The second recovery day she is still drowsy, low key. My sister, a P.A., tells us that Shakeenah’s brain is tired and needs time to recover. Thankfully, she hasn’t thrown up since the previous morning. In the afternoon, about 48 hours after the incident, she suddenly “wakes up” in a new way and starts acting more normal than before. We toe the line between keeping her occupied and not overexerting her. And she’s very hungry. By evening she has a more normal bowel movement than before, our first clear sign that she’s recovering from the stomach bug. I don’t fall asleep until after 6am.

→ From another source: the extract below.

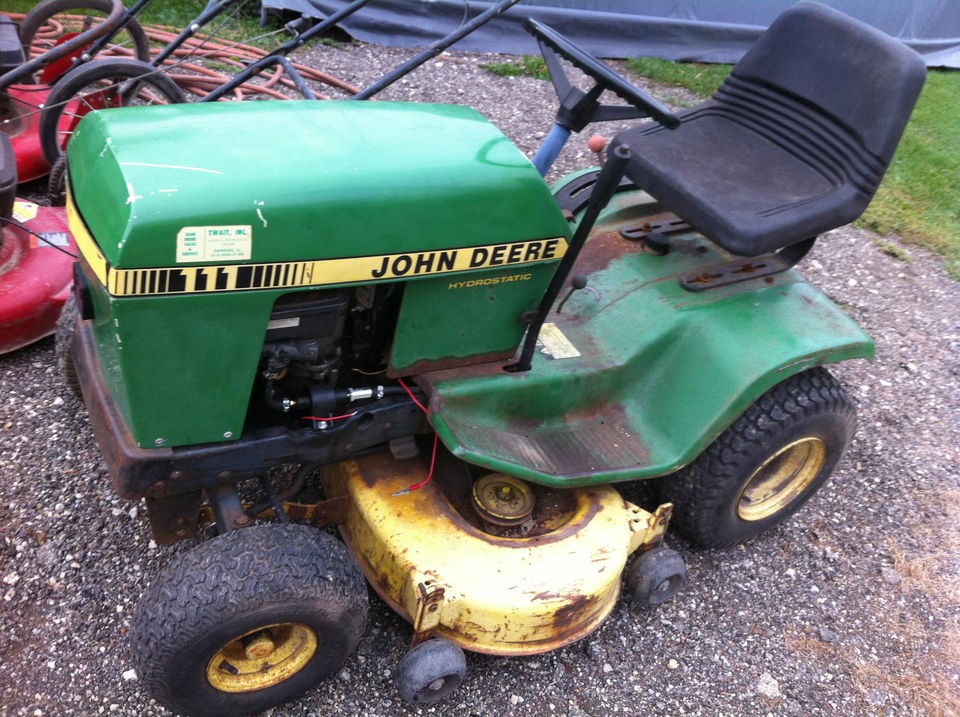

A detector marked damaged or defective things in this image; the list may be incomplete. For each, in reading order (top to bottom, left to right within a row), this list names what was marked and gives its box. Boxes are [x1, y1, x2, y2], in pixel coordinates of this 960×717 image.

Over the following days Shakeenah continues to show recovery. I recover more slowly. I avoid emails, avoid personal or vulnerable conversation, only tell a few people what had happened. I have a trauma reaction when I hear a noise that sounds like someone falling, and am constantly afraid that she’ll hit her head again. We use a tied-on panda cap as her “safety helmet” whenever she’s on a hard surface, just to give us peace of mind.
Over time I begin to put the pieces together in my head more accurately. Why did she respond so seriously to what should have been a minor fall? Dehydration has a impact on the brain, decreasing brain tissue fluid among other things. I believe the dehydration from her stomach virus made her brain more vulnerable than usual. I also realize that all the symptoms I had seen – the eyes rolling about, the seizures and arm/head movements – were things I had seen in other people with concussions. Concussions which they recovered from fine with no problem. It’s just so much more terrifying to see those symptoms in your baby.
The trauma of the incident, along with the ongoing concerns about Shakeenah having possibly contracted tuberculosis several months earlier, affect me for months. I become moodier, less willing to expend energy, less willing to talk to people. I go through the motions to complete my daily obligations like teaching, but tend to do the minimum rather than searching to go above and beyond. At some point I stop blogging or writing email updates to my friends, feeling like the emotional investment was too hard. In free time I escape into current events and internet discussions, but interact with a short fuse. I often found it impossible to fall asleep before 3am or even later. Only playing with Shakeenah gives me actual joy, but the slightest mishap brings back traumatic feelings.
Over time, over months, we’ve all slowly improved. Shakeenah is an active, healthy baby who shows no lasting effects from her concussion. I’ve been able to engage in somewhat more personal emails and discussions, and am expending more energy with more enthusiasm. As I mentioned back in March, at some point during lockdown I really began to feel more energy to engage fully in life again.
But I still startle whenever I hear a bump and fear that she has fallen.